If you are experiencing an issue with your Vault and look in your Operational logs, you may see errors that have `context deadline exceeded` in them. This article aims to explain this error a bit more and what the possible causes are.
What does `context deadline exceeded` mean?
Most HashiCorp software, including Vault, is built using Go. We use contexts for connections to provide a timeout or deadline mechanism. The error 'context deadline exceeded' means that we ran into a situation where a given action was not completed in an expected timeframe. For Vault this is typically going to be related to a network connection made to an external system such as a database or even a storage backend such as Consul.
2020-05-09T02:19:38.136-0500 [ERROR] expiration: failed to revoke lease: lease_id=auth/approle/login/<hashed_value> error="failed to revoke token: failed to revoke entry: failed to delete entry: context deadline exceeded"
Looking at the error above we can see there was a problem revoking a lease. In this particular case Vault was leveraging Consul as its backend, and was having an issue.
- Firewall Rules / Cloud Security Rules
- Resource Contention
There are multiple issues that can lead to this error message. Most often it is a network related connection to an external database connection or Vault backend. This can be increased latency between Vault and the external system, or a misconfiguration of Firewall Rules or Cloud Security Rules/Groups. You can also see this error if there is slow I/O on the external system. During periods of high Vault usage (Token generation, Lease Expiration, etc.) I/O load on the underlying storage system will grow. Depending on the underlying infrastructure, this can be a limiting factor on how long a response can come back. Using Consul as an example, if Consul is experiencing high I/O load, then it may be slower to respond to a given request originating from Vault. This period of time can be longer than what Vault is expecting and you can see context deadline exceeded errors.
Before being able to solve the problem, you need to determine what is actually failing. For example if we look at the above error, we can make a determination that we aren't relying on a network connection to an external database such as MySQL or Oracle as the lease was generated from an Approle Auth method. That means that we are looking at something internal to Vault itself. In this case since we know Vault is using Consul as its storage backend, we can begin investigating any potential communication issues between Vault and Consul.
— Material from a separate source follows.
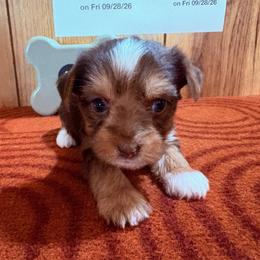 Girl 2 - Chocolate, tan and white female Yorkshire Terrier puppy in Bear Creek, North Carolina from Yorkie Time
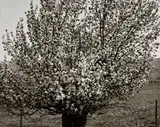 Robert Adams, Near Heber City, Utah, 1978, Gelatin silver print, printed no later than 1990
- Investigate Network connectivity: Can Vault and the required systems communicate in general? Were there any changes made recently that could have impacted this communication? Are there any firewalls in place that can be preventing communication? If in the cloud, are the instances in the same VPC/Network? Do the instances belong to the correct/expected Security Groups?
- Resource Contention: Are we asking too much of the underlying provisioned infrastructure? What is our CPU/Memory usage?
- Slow I/O: Are we using an external storage backend? Are we seeing I/O wait? Are we in the cloud? Do we have enough IOPS provisioned for our storage?